ACTIVITY: Among the entries below, find each line with "little" and show it.

[Dataset excerpts]
------------

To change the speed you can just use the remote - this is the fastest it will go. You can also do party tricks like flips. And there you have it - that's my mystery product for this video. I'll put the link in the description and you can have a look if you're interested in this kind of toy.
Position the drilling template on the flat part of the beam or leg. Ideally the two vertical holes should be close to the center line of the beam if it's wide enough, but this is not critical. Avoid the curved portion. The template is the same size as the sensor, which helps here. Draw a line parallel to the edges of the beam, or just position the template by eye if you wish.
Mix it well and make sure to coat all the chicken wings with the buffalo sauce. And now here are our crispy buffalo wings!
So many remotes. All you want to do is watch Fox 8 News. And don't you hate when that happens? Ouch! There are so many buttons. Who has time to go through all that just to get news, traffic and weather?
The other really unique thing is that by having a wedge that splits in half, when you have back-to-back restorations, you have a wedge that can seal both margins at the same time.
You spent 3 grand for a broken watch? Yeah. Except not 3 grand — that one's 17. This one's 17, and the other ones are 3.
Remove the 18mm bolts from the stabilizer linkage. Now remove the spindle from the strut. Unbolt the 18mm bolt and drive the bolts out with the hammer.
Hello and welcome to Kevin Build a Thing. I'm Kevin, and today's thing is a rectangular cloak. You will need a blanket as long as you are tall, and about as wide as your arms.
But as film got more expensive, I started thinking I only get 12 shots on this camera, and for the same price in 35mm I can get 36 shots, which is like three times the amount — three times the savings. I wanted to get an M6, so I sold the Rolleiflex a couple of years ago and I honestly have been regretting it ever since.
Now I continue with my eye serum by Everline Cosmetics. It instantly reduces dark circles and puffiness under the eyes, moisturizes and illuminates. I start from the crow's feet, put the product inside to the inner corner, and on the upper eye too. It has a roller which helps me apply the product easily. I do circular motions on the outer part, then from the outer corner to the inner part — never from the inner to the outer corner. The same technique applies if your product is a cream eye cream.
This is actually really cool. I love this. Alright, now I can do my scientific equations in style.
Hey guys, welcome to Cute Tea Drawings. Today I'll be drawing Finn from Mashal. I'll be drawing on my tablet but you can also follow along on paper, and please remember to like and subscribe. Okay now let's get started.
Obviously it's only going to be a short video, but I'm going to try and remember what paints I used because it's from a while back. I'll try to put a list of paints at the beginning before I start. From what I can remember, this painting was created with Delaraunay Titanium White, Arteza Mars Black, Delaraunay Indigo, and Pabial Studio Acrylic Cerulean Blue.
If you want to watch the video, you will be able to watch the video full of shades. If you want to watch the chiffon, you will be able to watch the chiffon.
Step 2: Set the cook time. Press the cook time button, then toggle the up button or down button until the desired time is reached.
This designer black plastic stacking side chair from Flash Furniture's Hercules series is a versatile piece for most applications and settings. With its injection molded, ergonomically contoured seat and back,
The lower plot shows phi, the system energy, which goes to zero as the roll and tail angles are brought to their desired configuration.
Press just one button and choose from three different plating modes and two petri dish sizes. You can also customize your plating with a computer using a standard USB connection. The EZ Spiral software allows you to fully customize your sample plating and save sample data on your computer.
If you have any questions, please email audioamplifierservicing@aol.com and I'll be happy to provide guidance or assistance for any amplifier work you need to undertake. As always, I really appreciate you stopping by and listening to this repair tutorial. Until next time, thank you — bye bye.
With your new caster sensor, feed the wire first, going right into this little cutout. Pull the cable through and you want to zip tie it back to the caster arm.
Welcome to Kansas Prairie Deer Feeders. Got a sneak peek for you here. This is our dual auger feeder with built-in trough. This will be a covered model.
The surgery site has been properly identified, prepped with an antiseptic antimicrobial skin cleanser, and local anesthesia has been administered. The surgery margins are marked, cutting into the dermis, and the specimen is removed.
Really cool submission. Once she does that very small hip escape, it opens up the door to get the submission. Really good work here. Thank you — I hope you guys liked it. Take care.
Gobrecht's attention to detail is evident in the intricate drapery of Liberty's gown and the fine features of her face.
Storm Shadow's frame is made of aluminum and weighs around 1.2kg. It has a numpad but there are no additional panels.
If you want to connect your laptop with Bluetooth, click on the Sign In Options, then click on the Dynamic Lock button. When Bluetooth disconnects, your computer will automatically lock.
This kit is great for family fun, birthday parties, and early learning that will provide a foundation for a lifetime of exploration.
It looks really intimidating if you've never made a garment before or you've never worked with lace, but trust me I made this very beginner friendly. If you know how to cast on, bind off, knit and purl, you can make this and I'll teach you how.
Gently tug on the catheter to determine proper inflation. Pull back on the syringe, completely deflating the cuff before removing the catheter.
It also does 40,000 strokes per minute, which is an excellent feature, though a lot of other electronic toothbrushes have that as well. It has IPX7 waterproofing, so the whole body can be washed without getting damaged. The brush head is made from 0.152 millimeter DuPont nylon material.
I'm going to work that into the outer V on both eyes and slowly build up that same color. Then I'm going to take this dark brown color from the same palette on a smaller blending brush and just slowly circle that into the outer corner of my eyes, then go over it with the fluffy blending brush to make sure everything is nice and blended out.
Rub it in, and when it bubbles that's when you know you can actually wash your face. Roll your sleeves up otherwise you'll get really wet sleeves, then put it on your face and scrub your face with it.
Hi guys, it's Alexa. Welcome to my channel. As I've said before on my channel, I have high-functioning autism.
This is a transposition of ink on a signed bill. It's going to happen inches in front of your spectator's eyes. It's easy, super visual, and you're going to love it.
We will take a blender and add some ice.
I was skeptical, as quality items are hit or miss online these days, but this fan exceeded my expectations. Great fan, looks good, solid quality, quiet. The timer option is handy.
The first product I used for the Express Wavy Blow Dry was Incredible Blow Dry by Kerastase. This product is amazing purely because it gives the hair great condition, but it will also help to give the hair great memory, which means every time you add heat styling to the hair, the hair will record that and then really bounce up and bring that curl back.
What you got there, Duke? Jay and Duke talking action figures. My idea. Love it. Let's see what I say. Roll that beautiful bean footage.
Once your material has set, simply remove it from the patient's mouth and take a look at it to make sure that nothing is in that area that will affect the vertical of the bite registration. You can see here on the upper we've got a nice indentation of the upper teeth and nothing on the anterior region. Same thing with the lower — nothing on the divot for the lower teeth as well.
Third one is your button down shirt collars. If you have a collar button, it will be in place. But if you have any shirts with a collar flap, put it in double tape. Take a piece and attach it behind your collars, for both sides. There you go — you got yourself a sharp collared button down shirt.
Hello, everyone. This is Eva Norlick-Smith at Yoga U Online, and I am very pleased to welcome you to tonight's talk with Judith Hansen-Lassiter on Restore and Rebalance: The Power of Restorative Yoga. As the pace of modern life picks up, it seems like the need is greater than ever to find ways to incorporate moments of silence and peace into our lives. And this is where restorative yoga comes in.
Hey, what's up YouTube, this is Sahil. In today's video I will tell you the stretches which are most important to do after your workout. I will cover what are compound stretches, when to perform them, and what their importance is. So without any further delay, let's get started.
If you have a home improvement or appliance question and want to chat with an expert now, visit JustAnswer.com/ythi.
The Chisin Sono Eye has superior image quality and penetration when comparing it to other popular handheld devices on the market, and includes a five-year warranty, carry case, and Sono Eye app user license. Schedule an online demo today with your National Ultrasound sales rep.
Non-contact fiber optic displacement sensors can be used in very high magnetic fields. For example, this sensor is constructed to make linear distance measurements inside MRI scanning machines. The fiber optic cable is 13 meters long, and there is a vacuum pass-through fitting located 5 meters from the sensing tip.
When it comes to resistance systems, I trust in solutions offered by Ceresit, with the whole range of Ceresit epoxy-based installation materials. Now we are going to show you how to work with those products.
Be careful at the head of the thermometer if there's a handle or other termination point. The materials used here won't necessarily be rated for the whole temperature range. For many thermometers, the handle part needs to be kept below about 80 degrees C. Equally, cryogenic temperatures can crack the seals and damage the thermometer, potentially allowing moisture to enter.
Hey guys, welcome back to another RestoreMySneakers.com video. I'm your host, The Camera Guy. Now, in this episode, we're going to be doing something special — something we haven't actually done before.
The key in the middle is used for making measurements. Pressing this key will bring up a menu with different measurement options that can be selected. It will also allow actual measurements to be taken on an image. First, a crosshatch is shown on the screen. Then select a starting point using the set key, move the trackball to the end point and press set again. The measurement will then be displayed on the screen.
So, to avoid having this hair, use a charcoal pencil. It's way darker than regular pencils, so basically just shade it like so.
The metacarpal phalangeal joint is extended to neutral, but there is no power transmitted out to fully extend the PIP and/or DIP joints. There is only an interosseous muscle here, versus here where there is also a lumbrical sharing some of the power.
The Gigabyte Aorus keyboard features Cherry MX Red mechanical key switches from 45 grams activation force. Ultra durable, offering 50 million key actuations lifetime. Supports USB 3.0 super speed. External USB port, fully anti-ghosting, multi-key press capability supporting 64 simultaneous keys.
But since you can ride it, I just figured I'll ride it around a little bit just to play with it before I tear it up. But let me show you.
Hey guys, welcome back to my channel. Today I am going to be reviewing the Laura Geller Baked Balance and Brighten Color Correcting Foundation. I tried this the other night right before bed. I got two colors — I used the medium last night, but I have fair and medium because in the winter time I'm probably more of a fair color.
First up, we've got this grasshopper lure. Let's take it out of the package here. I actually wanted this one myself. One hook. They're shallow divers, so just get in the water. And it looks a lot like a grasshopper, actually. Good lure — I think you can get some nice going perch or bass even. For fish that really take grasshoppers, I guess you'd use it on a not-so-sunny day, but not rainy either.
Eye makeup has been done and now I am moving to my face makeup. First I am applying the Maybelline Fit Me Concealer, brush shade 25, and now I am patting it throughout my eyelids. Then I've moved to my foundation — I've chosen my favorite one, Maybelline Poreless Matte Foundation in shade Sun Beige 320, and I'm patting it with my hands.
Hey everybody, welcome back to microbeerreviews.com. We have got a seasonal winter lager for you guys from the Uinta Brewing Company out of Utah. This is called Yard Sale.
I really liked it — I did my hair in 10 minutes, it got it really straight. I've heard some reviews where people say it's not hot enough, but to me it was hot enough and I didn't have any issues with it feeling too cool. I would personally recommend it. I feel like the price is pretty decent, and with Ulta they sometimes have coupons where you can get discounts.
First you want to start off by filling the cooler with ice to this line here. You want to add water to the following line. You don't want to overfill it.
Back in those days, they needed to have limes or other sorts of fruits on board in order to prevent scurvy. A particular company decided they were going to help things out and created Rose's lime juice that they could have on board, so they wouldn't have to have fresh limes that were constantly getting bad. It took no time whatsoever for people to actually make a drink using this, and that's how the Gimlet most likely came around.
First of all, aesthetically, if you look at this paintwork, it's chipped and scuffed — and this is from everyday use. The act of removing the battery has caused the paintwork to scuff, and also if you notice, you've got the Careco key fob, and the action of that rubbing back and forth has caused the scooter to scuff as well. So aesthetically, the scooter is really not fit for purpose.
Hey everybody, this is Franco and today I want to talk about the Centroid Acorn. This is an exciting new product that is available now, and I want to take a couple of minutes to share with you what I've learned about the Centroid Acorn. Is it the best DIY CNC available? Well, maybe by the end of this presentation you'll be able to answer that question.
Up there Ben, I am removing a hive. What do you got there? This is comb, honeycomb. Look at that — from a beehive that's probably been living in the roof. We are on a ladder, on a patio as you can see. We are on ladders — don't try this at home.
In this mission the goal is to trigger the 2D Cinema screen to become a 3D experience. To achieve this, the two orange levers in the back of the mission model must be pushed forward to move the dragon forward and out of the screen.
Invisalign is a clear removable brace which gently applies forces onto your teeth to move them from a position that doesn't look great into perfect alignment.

------------

OUTPUT FOR THIS EXERCISE:
With your new caster sensor, feed the wire first, going right into this little cutout. Pull the cable through and you want to zip tie it back to the caster arm.
But since you can ride it, I just figured I'll ride it around a little bit just to play with it before I tear it up. But let me show you.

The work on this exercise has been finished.